Posted on 2 February 2009


A potential route out of negative equity?

My husband and I have a Together mortgage with Northern Rock for £129,000, but since recent price falls believe our house to only be worth c. £110,000. Between us we earn c. £60,000 and can afford to pay our mortgage twice over (which we are currently doing) but are looking to expand our family and therefore need to move quite soon. We are considering buying a second house to use as our main residence, but don't think we'll be able to rent out our current house due to lack of equity.

Therefore, I wondered if it might be an option to buy a repossessed property at below market value, then sometime after completion, remortgaging to release funds that might be used to clear the negative equity on house #1, therefore enabling us to sell it? (e.g. house #2 bought for £130,000 with a 90% mortgage of £117,000; market value of other similar houses on that road ~£160,000, refinance/draw down equity sometime after completion to release the ~£20,000 needed to clear the negative equity in house #1)??? Is this just too complicated, and are there any lenders willing to finance such a move?

Many thanks,

M

Mary,

 

I am doubtful that your plan will work, firstly because buying as far below market value as you are suggesting is unlikely to be easy.
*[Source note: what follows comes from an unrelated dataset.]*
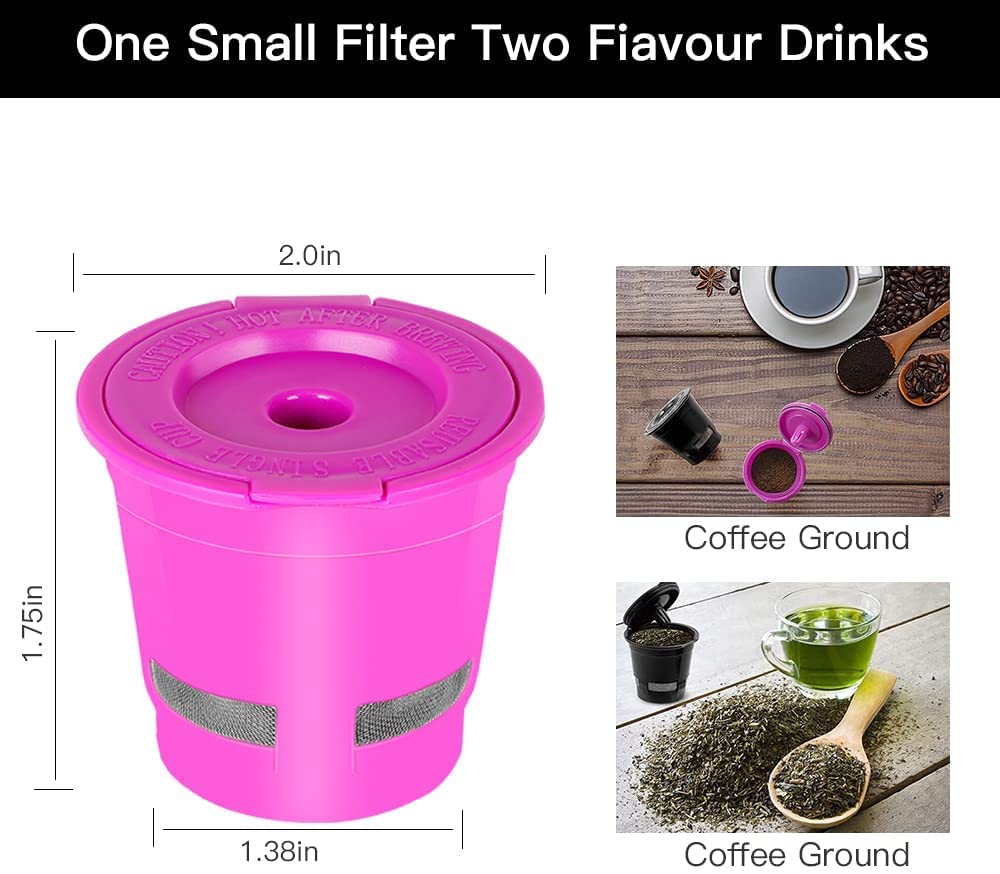 CHULUX Reusable Mesh Coffee Filter Cup 3-Pack Universal Single Serve Refillable Coffee Filters, Black + Purple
Lenders are required by law to obtain the best possible price on repossessed sales, and to be able to demonstrate they have done so, and I therefore suspect that if you were able to a property at an apparent 20% discount to its perceived value it would probably need money spent on it to bring it up to that value. Secondly, although it should be possible to borrow in total up to about 4 times your combined income, this would only allow you to get another mortgage for about £120,000, and so even though borrowing £117,000 to buy the property should be feasible, it would take your total borrowing very close to the limit, particularly bearing in mind you would presumably be looking to borrow 90% of the enhanced value.

I think a more realistic solution to your problem is to persuade Northern Rock to give you permission to let your existing property. I have spoken to Northern Rock about your situation in general and although, as you are well aware, you are way outside their criteria for a Buy to Let mortgage, in particular the 70% maximum LTV allowed, they may consider giving you permission to let, but naturally will need more information than was in your email. Before they can consider this they will need to know what rent you could expect and at least an indication of how much you intend to borrow to finance your new property.
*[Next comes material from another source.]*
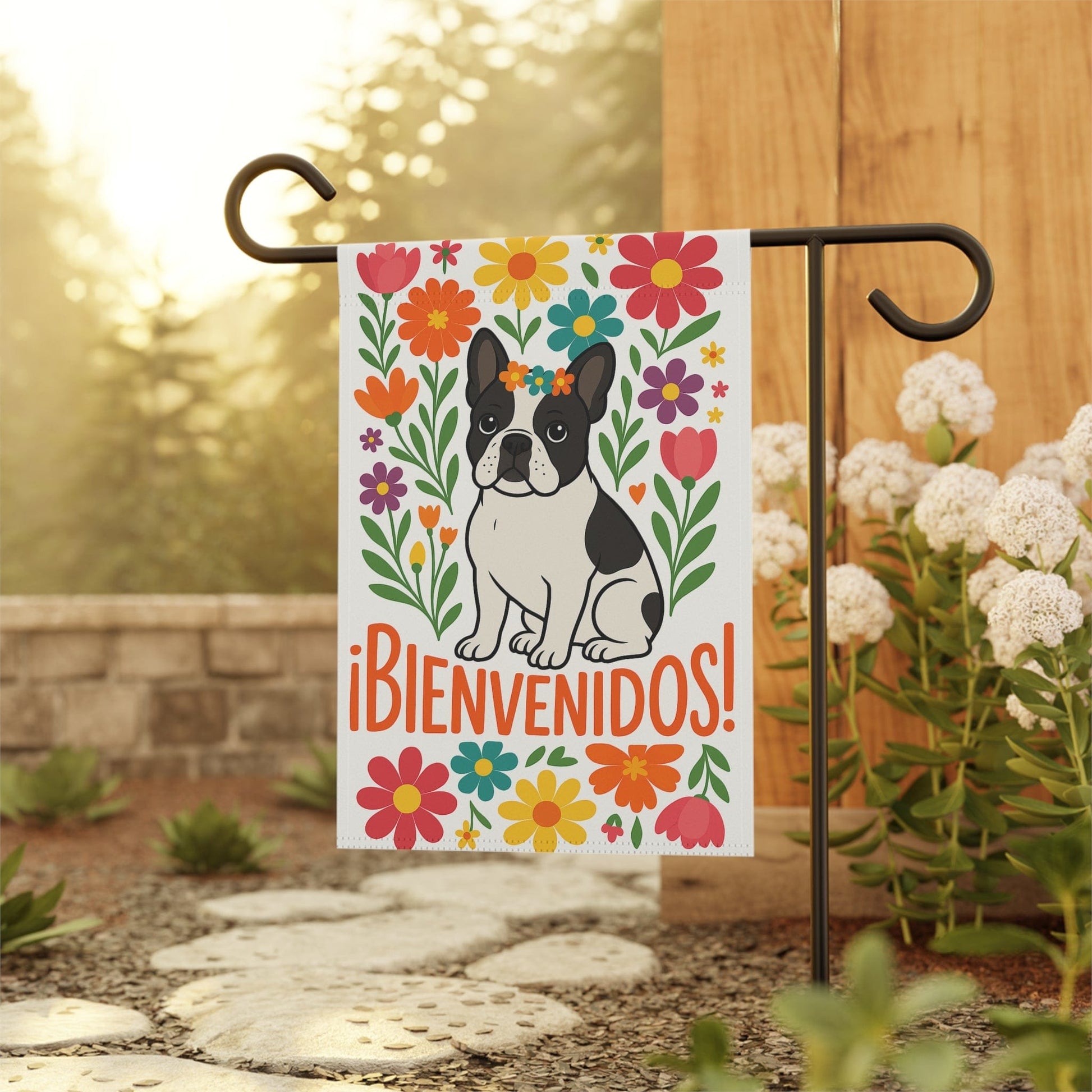 Printify Garden Flag Piebald French Bulldog Bienvenidos Garden Flag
I therefore suggest you call Northern Rock and explain your situation and ask if they can help by allowing you permission to let, but insist on speaking to one of the underwriters. Don’t go into detail with the call centre staff as they won’t have the authority to take the sort of decisions you need to be made. If Northern Rock agree to do this on acceptable terms please then call us on 0800 71 81 91 so that we can discuss the options with you for a mortgage to finance your purchase.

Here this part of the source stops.